What Is GenAI?

An introduction to genAI, its principles, and examples of its applications.

GenAI is a remarkable branch of artificial intelligence that enables users to create novel outputs that closely resemble human-generated content. These outputs can take various forms, including text, images, videos, sounds and 3D models. Thanks to recent advancements in the field, genAI has witnessed unprecedented levels of growth and adoption and is revolutionising numerous industries and domains.

The crux of genAI is in its name–generative. While traditional AI algorithms have focused on identifying patterns within data for predictive purposes, say to predict whether the next image in a sequence of images is a cat or a dog, genAI leverages the learned patterns to create entirely new outputs. Given the above example, a genAI model could create an entirely new representation of cat or dog, or cat-dog!

There are now hundreds of genAI platforms with a diverse range of use cases, but undoubtably the most relevant and influential of these is ChatGPT. ChatGPT is a conversational agent that can engage in natural language conversations with humans. It offers a range of applications in higher education and in design, but is often misunderstood as a direct question-and-answer tool. This perception tends to oversimplify ChatGPT and overlooks its potential application in a wider range of more intricate and nuanced tasks.

How does Generative AI work?

GenAI is grounded in machine learning techniques that draw inspiration from the neural systems of the human brain, known as neural networks. These genAI networks are ‘trained’ on extremely large amounts of data, from which they learn to capture and identify features, patterns and relationships within the data. This enables the model to generate new data instances that are similar yet distinct from the original training data.

For instance, a genAI model trained on images of faces learns to understand facial features like nose shape, eye placement, and smile curvature, allowing it to generate new faces that possess the same structure and features but do not match any specific face. Similarly, models like ChatGPT, trained on vast amounts of language data, learn to understand grammar, sentence structure, common phrases, context, tone and style, enabling them to generate coherent and contextually appropriate text.

GenAI can utilise a variety of models, each employing unique methods for training the AI and generating results. There are many types of models, the most popular being Generative Adversarial Networks (GANs), Variational AutoEncoders (VAEs) and Denoising Diffusion Probabilistic Models (DDPMs). Each model possesses unique strengths and limitations, making them suitable for different contexts. Some models excel at producing high-quality results, while others offer better control over the generation process.

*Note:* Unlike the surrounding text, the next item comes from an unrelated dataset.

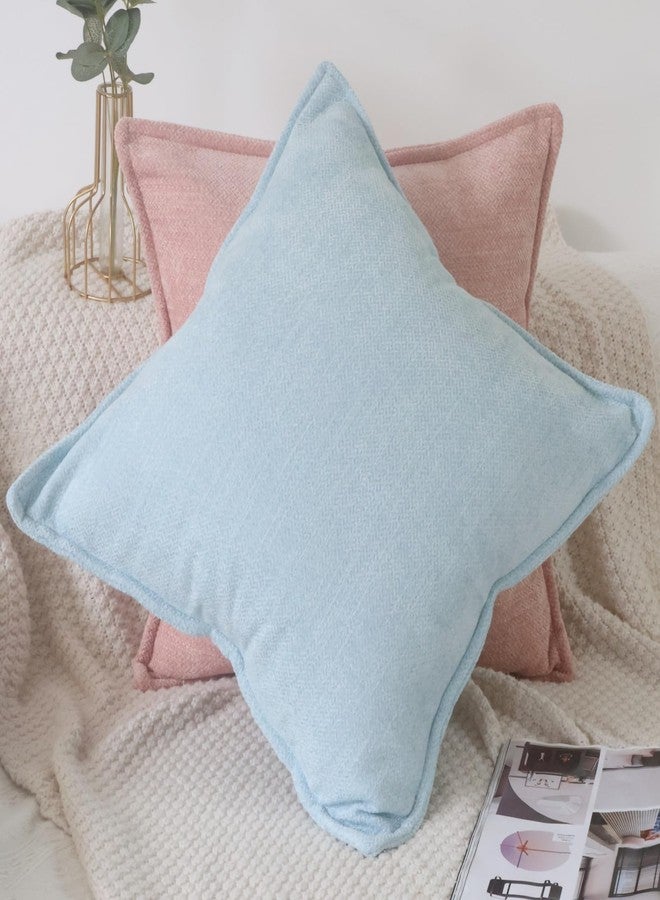 OYIMUA Light Blue 20x20 Chenille Throw Pillow Covers Set of 2 | Farmhouse Decorative Pillowcases for Couch & Bed | Soft Luxury Accent Pillows for Living Room - Image 2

Consequently, the choice of model plays a crucial role in determining the capabilities and limitations of genAI applications across disciplines.

GenAI, the models used, its applications and its outputs are developing very quickly. Current debates relating to its legal status, control and commercialisation, as well as its potential, will impact the ways it develops into the future and the impact on built environment disciplines and on learning and teaching.